The writer has a missed opportunity to be original here. Perhaps in a rewrite?
*
The rest of the story is a little rushed, possibly to squeeze under a 2000 word maximum, and the ending could use a little more foreshadow, allowing the possibility a reader may have forgotten the opening second paragraph. Some mention, somewhere. Mention might have also been made that Bo had yet- to- be-completed dreams of his own: a subtle, but rememberable mention. Yes, my spell checker underlined “rememberable”, but let it stand.
So far I have been the nitpicker, the fault finder, and the nay sayer, so sorry, but it is after all the job you are paying me the outrageous sum of 1800 points to perform. You should get what you pay for. That being said I will continue to the next part of my critical work – the part where I damn with faint praise.
I don’t know what the actual assignment was that predicated this contest so I will invent one that fits your resulting story – the one you had to pay me to read.

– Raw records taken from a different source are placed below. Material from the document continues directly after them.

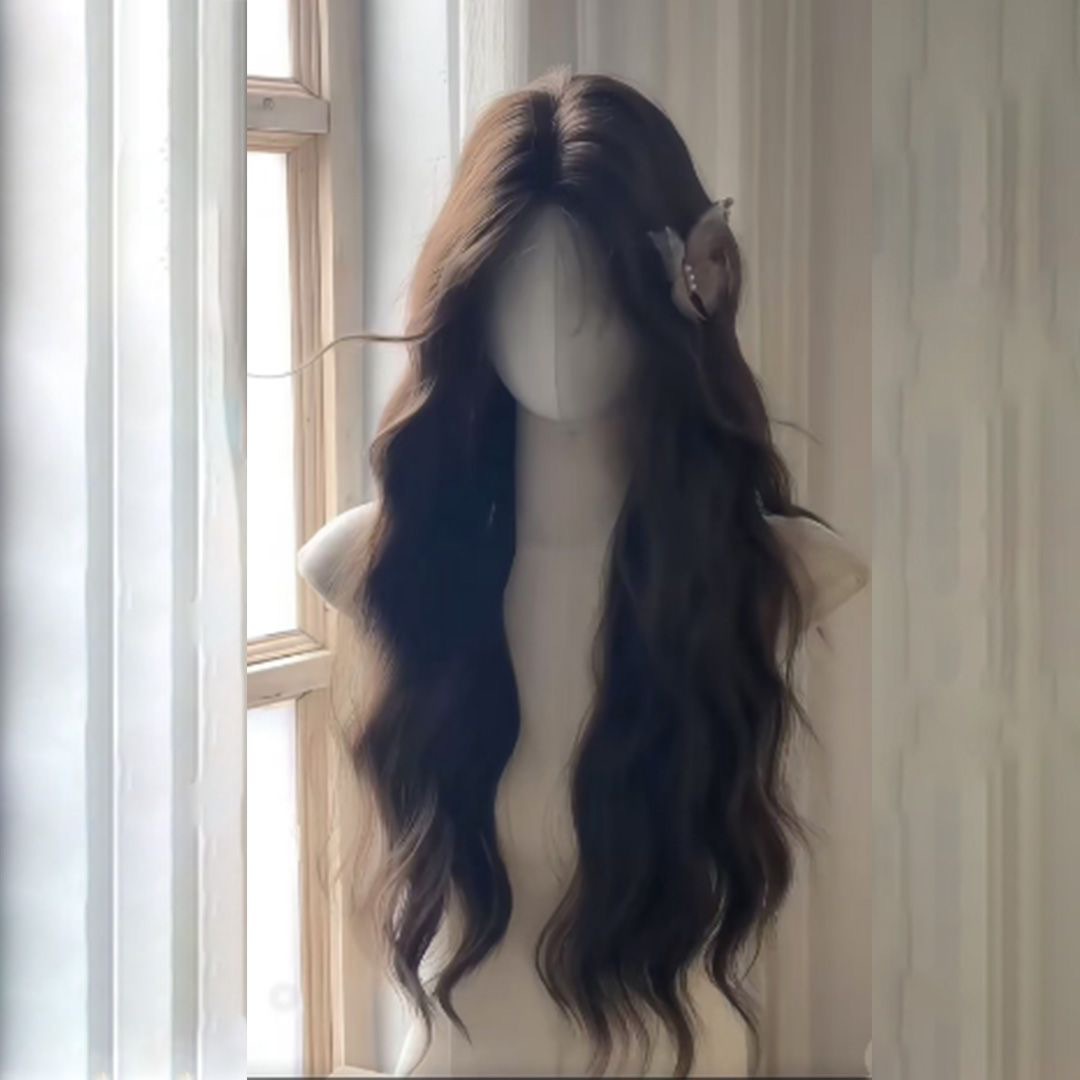Connie Wig [Doll Doll] Fuldkopper til Kvinder, Realistisk Hår, Midterparti, Vandbølge Stil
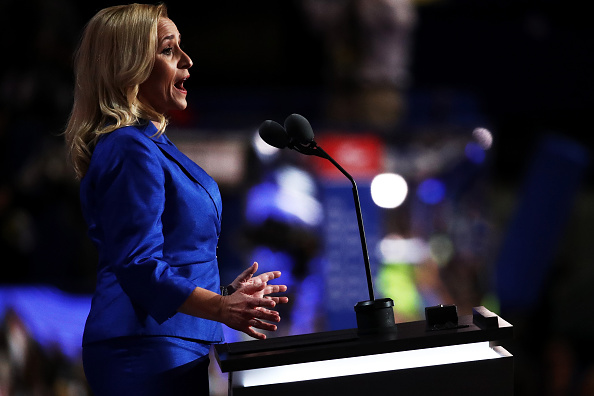 Arkansas Attorney General Leslie Rutledge delivers a speach on the second day of the Republican National Convention on July 19, 2016 at the Quicken Loans Arena in Cleveland, Ohio.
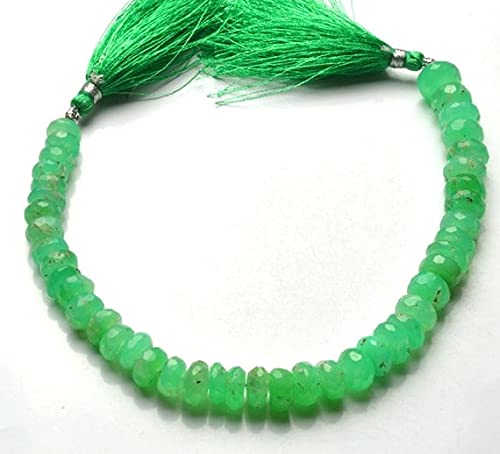 Chrysoprase verte naturelle de qualité supérieure en perles rondelles facettées haut de gamme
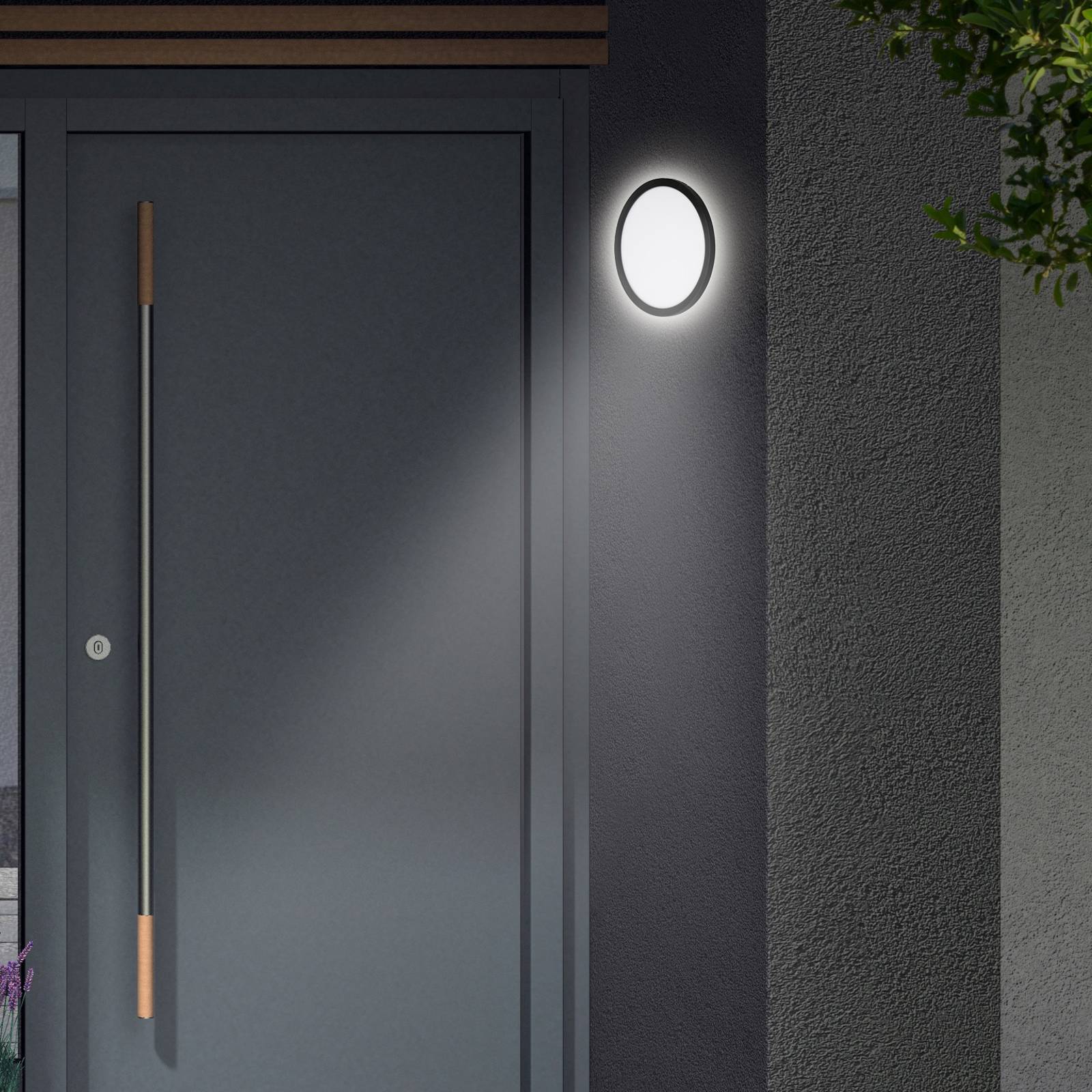 Telefunken Kinkiet zewnętrzny LED Nice, Ø 28cm czarny 4 000 K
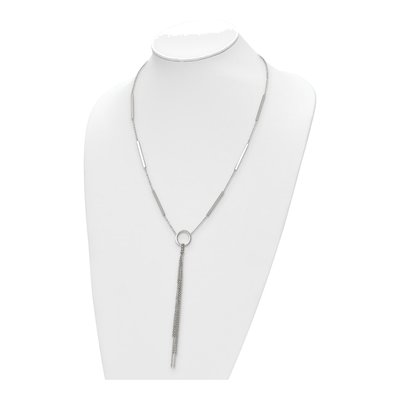 Stainless Steel Circle Tassel Necklace – view 4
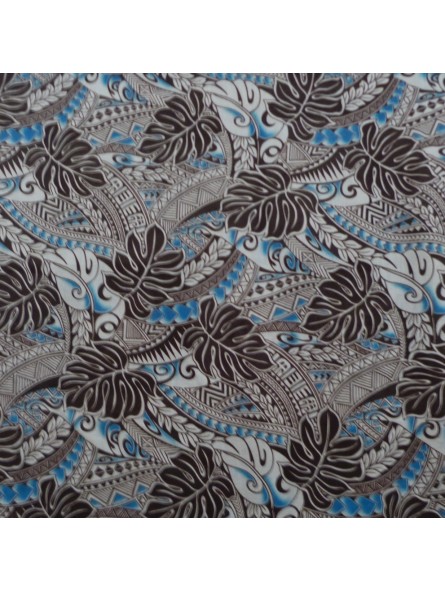 Tissu gris anthracite tatouage et feuille de uru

Assignment - In 2000 words or fewer respond in short story form to the following quote from Winston Churchill: “There is nothing more exhilarating than to be shot at without result”
Bo experienced a risk that focused his mind remarkably upon what he has missed much like Scrooge’s final ghost prophesied what SCrooge had yet to miss before the grave - in the manner of Bo’s grandfather. It is plain that it does not matter exactly what his grandfather missed. What matters is that Bo does not miss his own best destiny through inattention.
To write a good story and shoehorn it into the parameters of the artificial constraints of contest is an achievement of dubious value. The best result is the attainment of very best in artificiality. Kudos, this is it.
The great redeemer of contest winners is the rewrite. The rewrite transforms the plastic baby into a real live breathing, squalling, full diapered child. The danger to the rewriter lingering over the success of the contest, is of actually believing the contest has meaning of itself. CONTESTS HAVE NO MEANING, only writing has meaning in our world.
This writing of yours will always be a shallow, entertaining story if it never sheds its contest skin.
The writer has the chance, in rewrite to make it the best shallow, entertaining story a reader can read.
Hope this was helpful, send the money.
NB: I see you have a uniform average of five stars. I won't interrupt that rating, but you know what I think about contest responses.